The systems supported by the chassis, while essentially limitless,
can include a dish holding system 30, spray system 40,
recirculation system 50, drain system 60, water supply system 70,
drying system 80, heating system 90, and filter system 100. These
systems are used to implement one or more treating cycles of
operation for the dishes, for which there are many, one of which
includes a traditional automatic wash cycle.
A basic traditional automatic cycle of operation for the dishwasher
10 has a wash phase, where a detergent/water mixture is
recirculated and then drained, which is then followed by a rinse
phase where water alone or with a rinse agent is recirculated and
then drained. An optional drying phase can follow the rinse phase.
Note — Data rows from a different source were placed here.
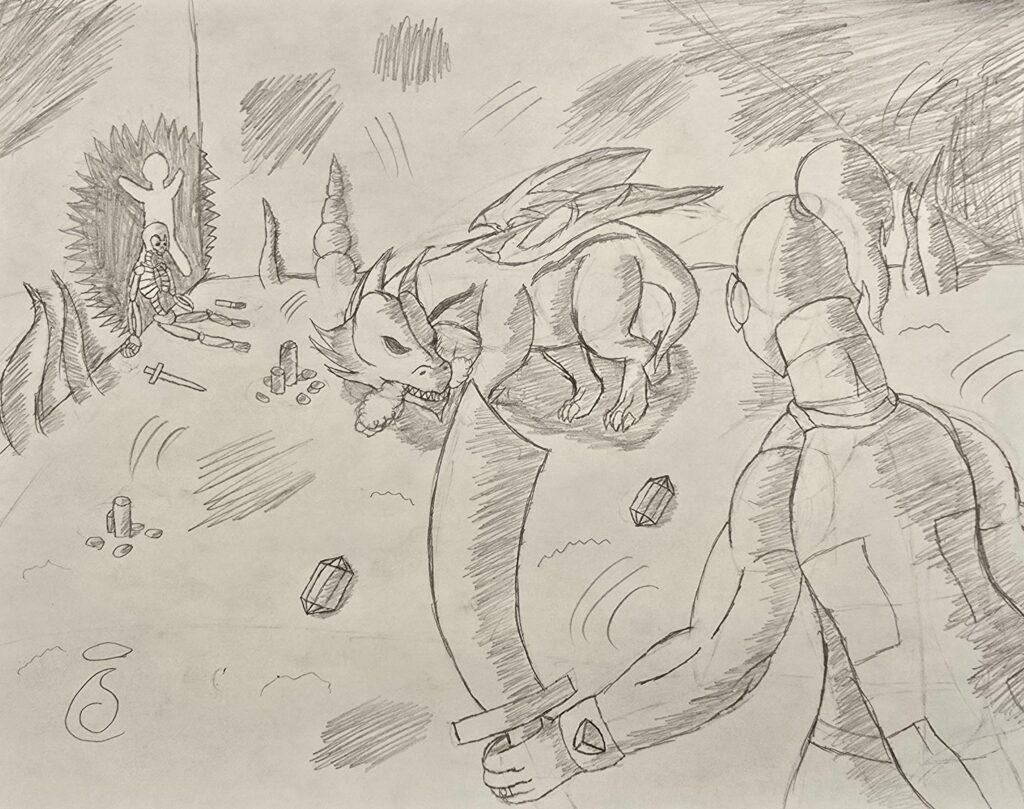 Tried to draw someone fighting Elvarg from Old School RuneScape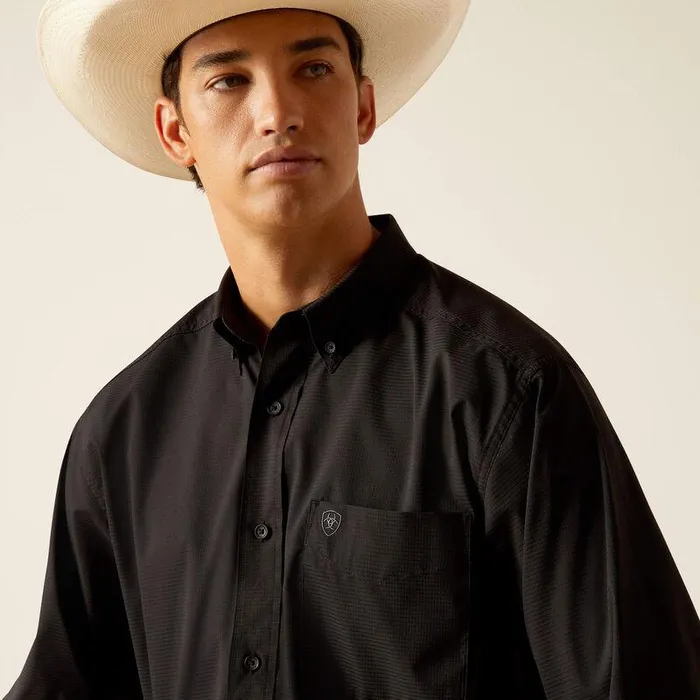 Men Button Down Shirts Ariat 360 Airflow Classic Fit Shirt Black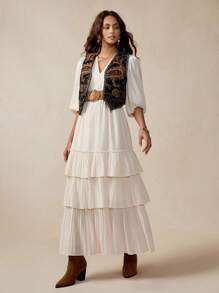 Florisole 女士优雅 V 领复古灯笼袖收腰分层 A 字长裙，白色，波西米亚风格，适合春秋派对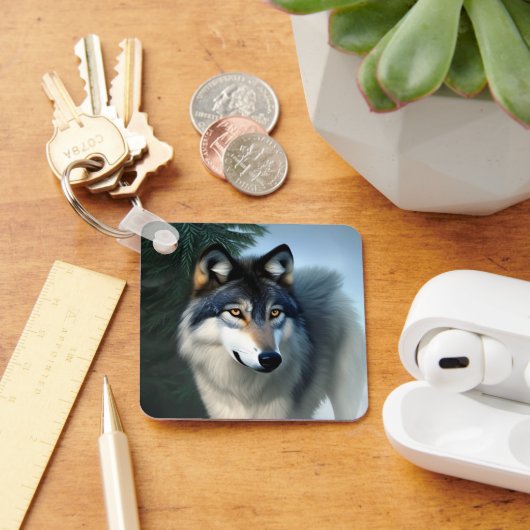 Furchtlos der arktische Wolf, Keyring Schlüsselanhänger (Schreibtisch)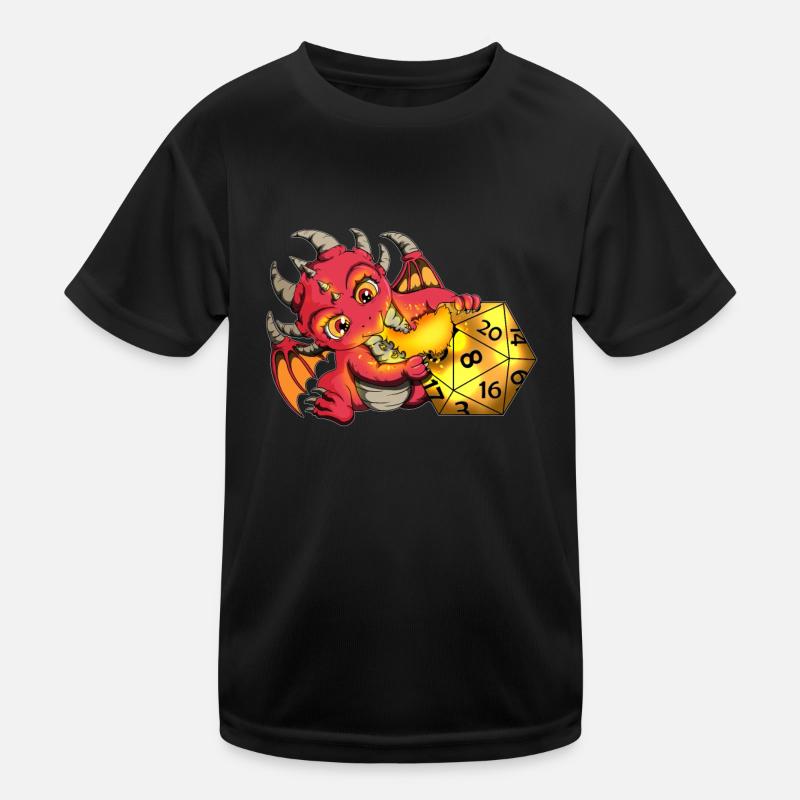 Computer Game Design RPG Lover Fan Dragon Motif Kids Functional T-Shirt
More commonly, the automatic wash cycle has multiple wash phases
and multiple rinse phases. The multiple wash phases can include a
pre-wash phase where water, with or without detergent, is sprayed
or recirculated on the dishes, and can include a dwell or soaking
phase. There can be more than one pre-wash phases. A wash phase,
where water with detergent is recirculated on the dishes, follows
the pre-wash phases. There can be more than one wash phase; the
number of which can be sensor controlled based on the amount of
sensed soils in the wash liquid. One or more rinse phases will
follow the wash phase(s), and, in some cases, come between wash
phases. The number of wash phases can also be sensor controlled
based on the amount of sensed soils in the rinse liquid. The
amounts of water, treating chemistry, and/or rinse aid used during
each of the multiple wash or rinse steps can be varied. The wash
phases and rinse phases can include the heating of the water, even
to the point of one or more of the phases being hot enough for long
enough to sanitize the dishes. A drying phase can follow the rinse
phase(s). The drying phase can include a drip dry, a non-heated
drying step (so-called "air only"), heated dry, condensing dry, air
dry or any combination. These multiple phases or steps can also be
performed by the dishwasher 10 in any desired combination.
A controller 22 can also be included in the dishwasher 10 and
operably couples with and controls the various components of the
dishwasher 10 to implement the cycles of operation. The controller
22 can be located within the door assembly 20 as illustrated, or it
can alternatively be located somewhere within the chassis. The
controller 22 can also be operably coupled with a control panel or
user interface 24 for receiving user-selected inputs and
communicating information to the user. The user interface 24 can
provide an input and output function for the controller 22.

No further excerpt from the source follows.